Interview

„Wir präsentieren das Ungewöhnliche“

Professor Ullrich Schwarz, neuer Präsident der Freien Akademie der Künste.

Professor Ullrich Schwarz, neuer Präsident der Freien Akademie der Künste.

Foto: Marcelo Hernandez

Professor Ullrich Schwarz, neuer Präsident der Freien Akademie der Künste, wünscht sich eine stärkere Unterstützung durch die Stadt.

Hamburg. Gestern Abend fand das Jubiläumskonzert „Erinnerungen an die Zukunft“ in der Elbphilharmonie statt, mit mehr als einem Dutzend Veranstaltungen feiert die Freie Akademie der Künste noch bis Mitte Dezember an verschiedenen kulturellen Orten in der Stadt ihr 70-jähriges Bestehen. Seit Ende August ist Professor Ullrich Schwarz neuer Präsident der Akademie in Hamburg. Schwarz war Professor für Architekturtheorie, ist Publizist, Miterfinder des Architektursommers, Gründer des Architekturarchivs und des Jahrbuchs Architektur in Hamburg.

Hamburger Abendblatt: Herr Professor Schwarz, als Sie vor 70 Jahren geboren wurden, wurde auch die Freie Akademie der Künste in Hamburg gegründet. Was macht die Akademie nach sieben Jahrzehnten zu einem unverzichtbaren Bestandteil des Kulturlebens in der Stadt?

Ullrich Schwarz: Die Akademie ist eine Vereinigung von Kunstschaffenden und von Menschen, die im kulturellen Leben tätig sind. Das ist das Alleinstellungsmerkmal der Akademie. Sie ist kein Museum oder eine Konzertagentur und auch kein Berufsverband. Alle Aktivitäten der Akademie gehen direkt von ihren Mitgliedern aus, den Künstlern. Der Auftrag der Akademie besteht darin, geistige Impulse in die Öffentlichkeit zu tragen – ungefiltert sozusagen, ohne Kuratoren, ohne Jurys oder Agenturen. Die Akademie bietet das Original. Wir sind kein Wirtschaftsbetrieb und nicht an Quoten gebunden. Deswegen erlauben wir uns auch, das Ungewöhnliche zu präsentieren.

Der Gründer der Akademie, Hans Henny Jahnn, wollte mit seiner Künstlergemeinschaft auch ein „umstrittener, störender Fremdling im Hamburger Kulturleben“ sein. Teilen Sie diesen Grundsatz?

Schwarz: Das würde ich so nicht unterschreiben. Dann würden wir uns ja selbst ausschließen. Das ist mir zu negativ. Wir wollen keine anderen Institutionen verstören – die Besucher einzelner Veranstaltungen gelegentlich schon. Wobei verstören nicht ganz das richtige Wort ist. Besser wäre: anregen, Horizonte öffnen.

Was sind die größten Herausforderungen der Akademie in den kommenden Jahren?

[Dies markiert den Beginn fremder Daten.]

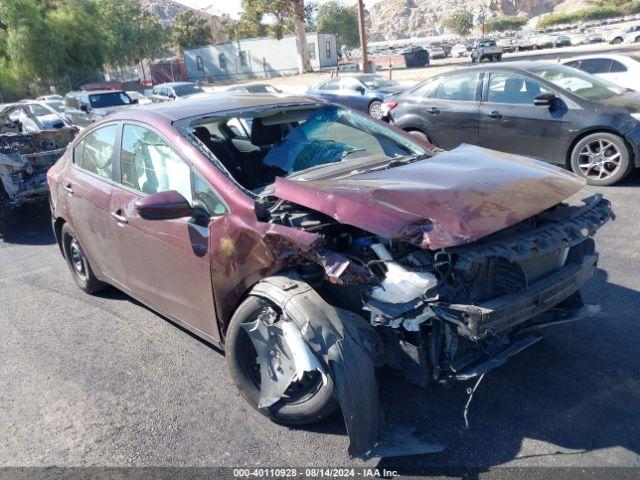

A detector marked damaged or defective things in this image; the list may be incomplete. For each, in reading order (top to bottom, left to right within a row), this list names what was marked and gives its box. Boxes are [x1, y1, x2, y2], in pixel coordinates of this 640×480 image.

wrecked vehicle [0, 103, 76, 234]
damaged kia forte [48, 95, 608, 460]
wrecked vehicle [47, 95, 612, 460]
crumpled hood [276, 143, 584, 249]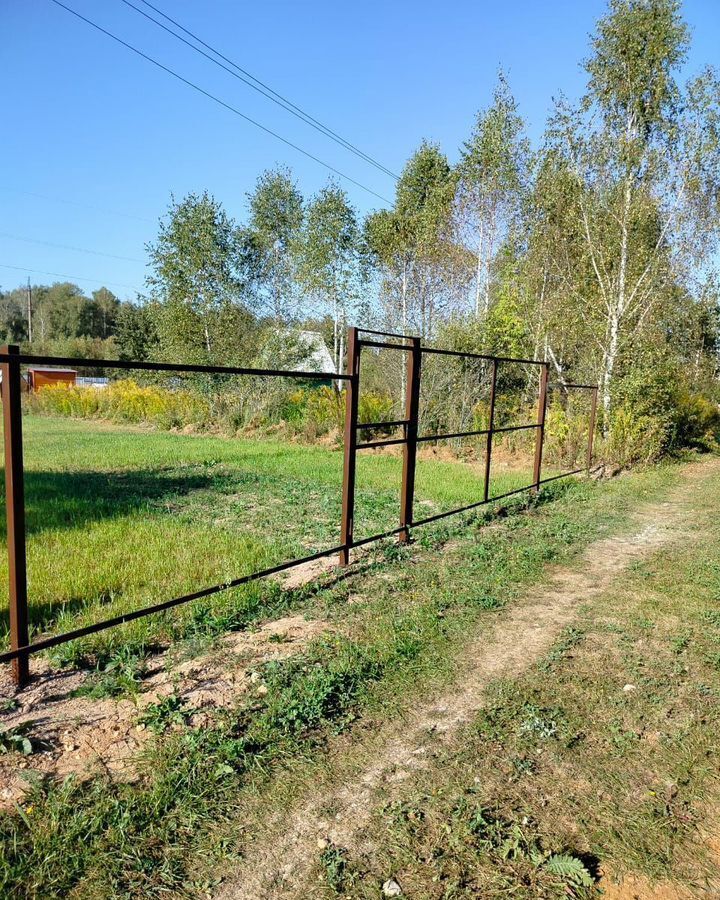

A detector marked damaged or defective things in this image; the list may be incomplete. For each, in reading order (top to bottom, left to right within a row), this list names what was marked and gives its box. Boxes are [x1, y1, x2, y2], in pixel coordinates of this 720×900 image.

rusty metal bar [1, 342, 30, 684]
rusty metal bar [0, 350, 348, 382]
rusty metal bar [338, 326, 360, 568]
rusty metal bar [400, 336, 422, 540]
rusty metal bar [532, 362, 548, 492]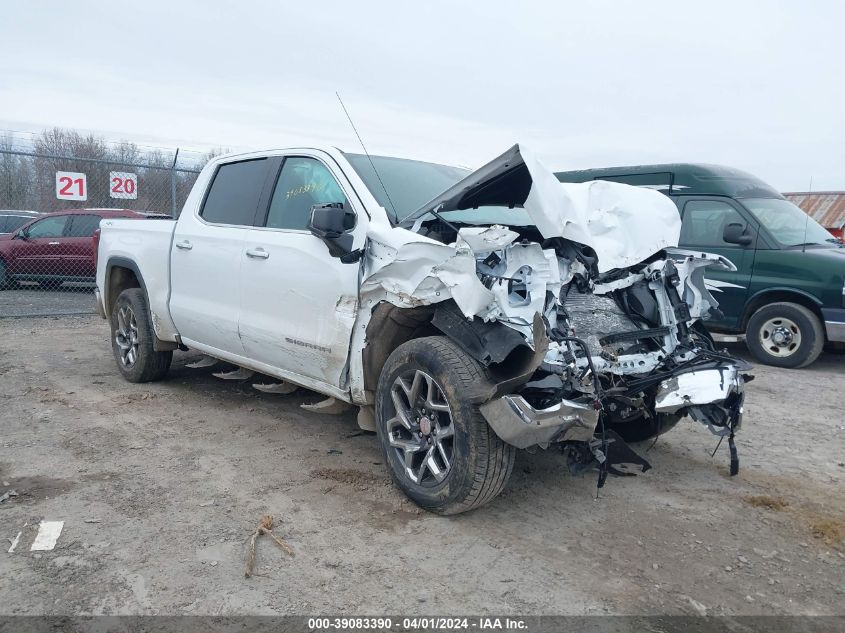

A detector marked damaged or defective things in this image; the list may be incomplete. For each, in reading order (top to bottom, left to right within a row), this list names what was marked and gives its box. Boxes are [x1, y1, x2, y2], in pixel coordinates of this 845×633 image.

crumpled hood [402, 143, 680, 272]
severely damaged front end [360, 146, 748, 482]
crushed front bumper [478, 396, 596, 450]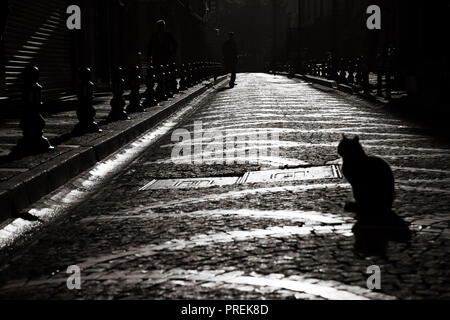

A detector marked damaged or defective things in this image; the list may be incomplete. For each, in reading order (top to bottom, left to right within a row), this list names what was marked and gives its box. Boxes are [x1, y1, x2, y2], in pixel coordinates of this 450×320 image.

rectangular pavement patch [141, 165, 342, 190]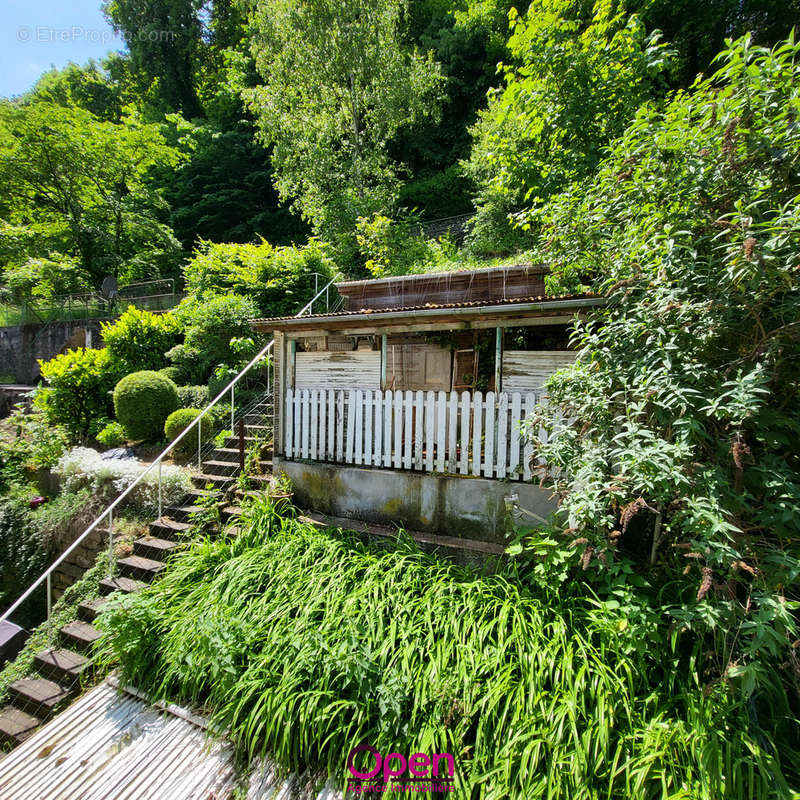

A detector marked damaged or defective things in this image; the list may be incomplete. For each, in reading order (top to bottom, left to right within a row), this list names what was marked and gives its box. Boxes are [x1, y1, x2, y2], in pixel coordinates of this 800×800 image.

Schwarz: Wir möchten unsere Wirksamkeit in der Öffentlichkeit verstärken. Das ist vielleicht das wichtigste Ziel. Der geplante Umbau der Markthalle, also des Gebäudes, in dem die Akademie untergebracht ist, verspricht hier einen strategischen Fortschritt, was die örtliche Zugänglichkeit und Präsenz im öffentlichen Raum betrifft. Die heutige Hinterhoflage ist nicht gerade ideal.

Was wollen Sie anders machen als Ihre Vorgänger?

Schwarz: Meinen Vorgängern kann ich nur Dank aussprechen. Konzeptionell geht es mir auch gar nicht darum, nun alles anders zu machen. Mich zieht das Grenzüberschreitende an. Unsere sechs Sektionen sind ein gutes Forum für Brückenschläge, und ich wünsche mir, dass zwischen den verschiedenen Kunstsparten ein noch stärkerer Austausch stattfindet. Den gibt es bisher auch schon, etwa in Form von Gesprächsereignissen, wenn sich zum Beispiel ein Musiker mit einem Architekten zum Austausch trifft. Ich könnte mir vorstellen, dass es gemeinsame Projekte gibt, in denen die verschiedenen Künstler in Austausch treten, diskutieren, unterschiedliche Perspektiven einnehmen und Energien freisetzen.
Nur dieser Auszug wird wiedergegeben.